The lines to extract begin at the line that contains "Декоративная морская звезда (6,5 см) 1" and run through the last line of the listing; reproduce them exactly, minus any pictures.

### [Given data]
━━━━━━━━━━━━━━━━

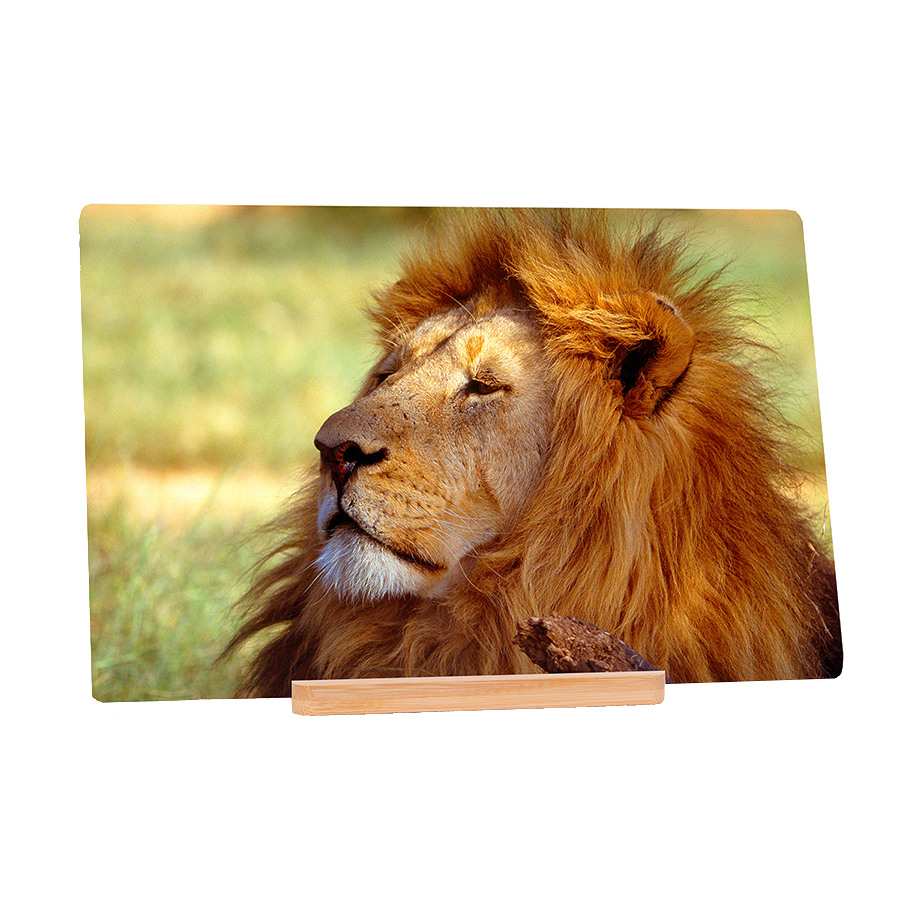 The King's Demeanour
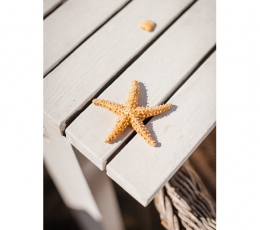 Декоративная морская звезда (6,5 см) 1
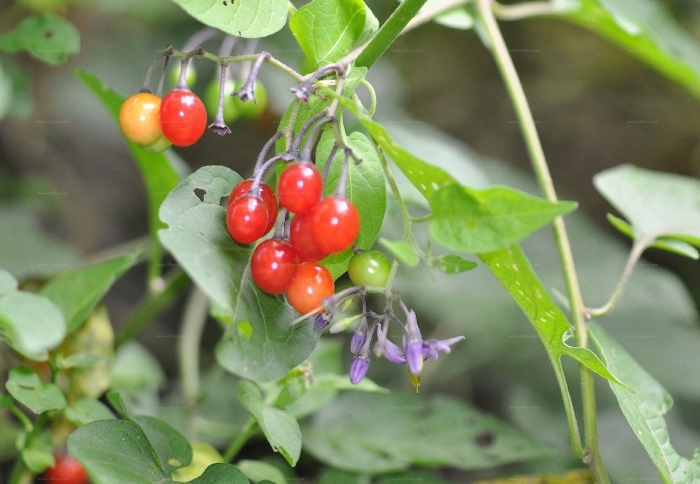 Паслен сладко горький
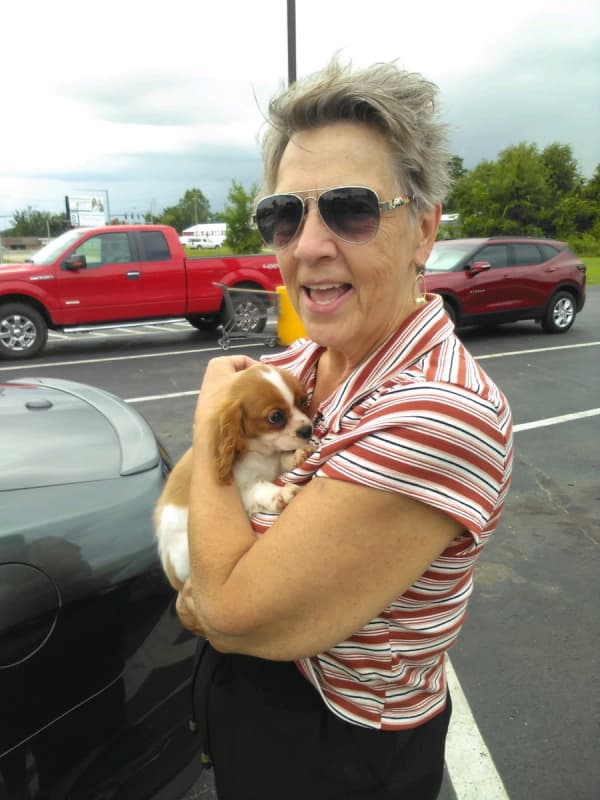 Customer photo of Cavalier King Charles Spaniel puppy from Nelson F.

━━━━━━━━━━━━━━━━

### [Solution for this task]
 Декоративная морская звезда (6,5 см) 1
 Паслен сладко горький
 Customer photo of Cavalier King Charles Spaniel puppy from Nelson F.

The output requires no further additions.